By: D. Eric Bookhardt for Gambit
Arthur Roger Gallery has assembled an unusual exhibition. Three of its artists — Leonard Galmon, Amer Kobaslija and Demond Melancon — are portraitists, and artist and ex-football player Brandon Surtain paints urban scenes that function as portraits of the city. All have local roots except Kobaslija, a native of Bosnia whose current work focuses on the people of Florida.
What they have in common is a flair for local color that ultimately transcends locale. That approach is well suited to a city that forged its unique culture from the diverse origins of its inhabitants, and then transformed that culture into its most famous export.
New Orleans’ culture largely evolved from the ground up, and there may be no better example than the Mardi Gras Indians. The beaded canvas portraits by Melancon, big chief of the Young Seminole Hunters, celebrate local musicians from Fats Domino to Big Freedia. There also is an evocative bead portrait of ancient Egyptian queen Nefertari Meritmut (pictured), who looks like a Creole woman from Treme — illustrating how African-American artists of all stripes were inspired by ancient Egypt.

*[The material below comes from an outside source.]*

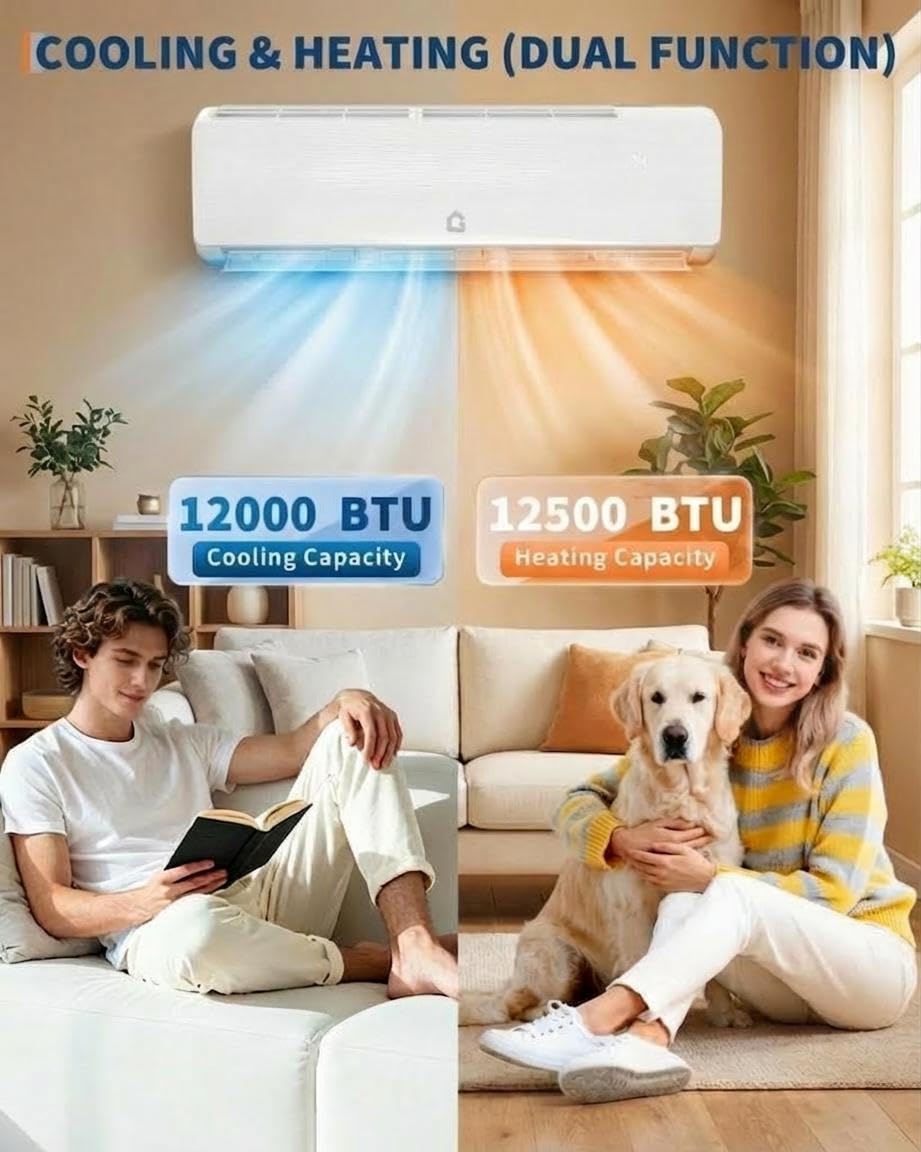 12000 BTU Mini Split Air Conditioner, 19 SEER2 Ductless Inverter AC with 115V, Cool up to 750 Sq. Ft with Heat Pump System, White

The relationship of Kobaslija and the people of Florida seems more complicated at first, as seen in his large oil on aluminum paintings. Although alligator hunters and other colorful, earthy characters are traditional Florida icons, Kobaslija’s subjects often exude an unexpectedly Balkan aura.

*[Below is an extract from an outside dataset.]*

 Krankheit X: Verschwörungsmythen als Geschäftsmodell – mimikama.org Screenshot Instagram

A mounted police officer patrolling a river looks almost like he could have been sent there by longtime 20th-century Yugoslavian leader Josip Broz Tito. If that sounds odd, it helps to consider the pioneering role played by Bosnia’s neighboring Croatians in developing Louisiana’s seafood industry.
Surtain, who played defensive end at LSU, returns us to this city’s sultry nocturnal soul with his evocative nightscapes, and portrait paintings by former New Orleanian, now Connecticut-based, Galmon infuse cerebral-looking subjects with the aura of warmth that he associates with his family, a clan scattered far and wide in the aftermath of Hurricane Katrina and the levee collapses.